* [Your task] Working from the top of the records below, reproduce each line exactly, ending once you have written the line containing "玄関　※写真は同タイプ住戸です。".
___ Records supplied
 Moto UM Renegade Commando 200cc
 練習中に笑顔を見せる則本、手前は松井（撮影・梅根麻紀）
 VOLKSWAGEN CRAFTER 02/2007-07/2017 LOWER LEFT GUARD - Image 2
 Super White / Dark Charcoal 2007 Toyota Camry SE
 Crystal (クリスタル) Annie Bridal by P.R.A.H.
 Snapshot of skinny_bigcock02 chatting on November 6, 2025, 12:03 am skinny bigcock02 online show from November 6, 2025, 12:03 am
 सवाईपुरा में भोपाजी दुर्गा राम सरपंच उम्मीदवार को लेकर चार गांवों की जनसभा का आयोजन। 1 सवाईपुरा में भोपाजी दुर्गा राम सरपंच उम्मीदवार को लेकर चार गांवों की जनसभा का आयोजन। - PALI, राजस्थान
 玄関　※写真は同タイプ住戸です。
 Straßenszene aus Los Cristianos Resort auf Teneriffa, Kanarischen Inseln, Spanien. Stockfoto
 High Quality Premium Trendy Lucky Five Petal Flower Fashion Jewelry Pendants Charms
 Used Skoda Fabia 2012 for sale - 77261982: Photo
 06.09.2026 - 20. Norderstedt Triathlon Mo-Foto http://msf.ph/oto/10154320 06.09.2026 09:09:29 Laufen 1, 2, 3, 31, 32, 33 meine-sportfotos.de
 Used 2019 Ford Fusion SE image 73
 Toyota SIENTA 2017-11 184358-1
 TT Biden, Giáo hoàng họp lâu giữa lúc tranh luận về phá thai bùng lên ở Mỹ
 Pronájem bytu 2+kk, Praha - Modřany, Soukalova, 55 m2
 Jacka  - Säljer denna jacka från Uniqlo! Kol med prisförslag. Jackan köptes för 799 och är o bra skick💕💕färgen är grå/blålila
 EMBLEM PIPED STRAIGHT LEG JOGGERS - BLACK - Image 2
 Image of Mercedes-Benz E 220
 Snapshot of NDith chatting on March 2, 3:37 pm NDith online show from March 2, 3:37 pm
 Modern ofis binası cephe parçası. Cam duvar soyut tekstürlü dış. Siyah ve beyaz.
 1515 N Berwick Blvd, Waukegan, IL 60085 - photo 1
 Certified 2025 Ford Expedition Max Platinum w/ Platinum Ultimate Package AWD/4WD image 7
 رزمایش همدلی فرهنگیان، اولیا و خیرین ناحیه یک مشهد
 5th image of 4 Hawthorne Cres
______
* [Written response]
 Moto UM Renegade Commando 200cc
 練習中に笑顔を見せる則本、手前は松井（撮影・梅根麻紀）
 VOLKSWAGEN CRAFTER 02/2007-07/2017 LOWER LEFT GUARD - Image 2
 Super White / Dark Charcoal 2007 Toyota Camry SE
 Crystal (クリスタル) Annie Bridal by P.R.A.H.
 Snapshot of skinny_bigcock02 chatting on November 6, 2025, 12:03 am skinny bigcock02 online show from November 6, 2025, 12:03 am
 सवाईपुरा में भोपाजी दुर्गा राम सरपंच उम्मीदवार को लेकर चार गांवों की जनसभा का आयोजन। 1 सवाईपुरा में भोपाजी दुर्गा राम सरपंच उम्मीदवार को लेकर चार गांवों की जनसभा का आयोजन। - PALI, राजस्थान
 玄関　※写真は同タイプ住戸です。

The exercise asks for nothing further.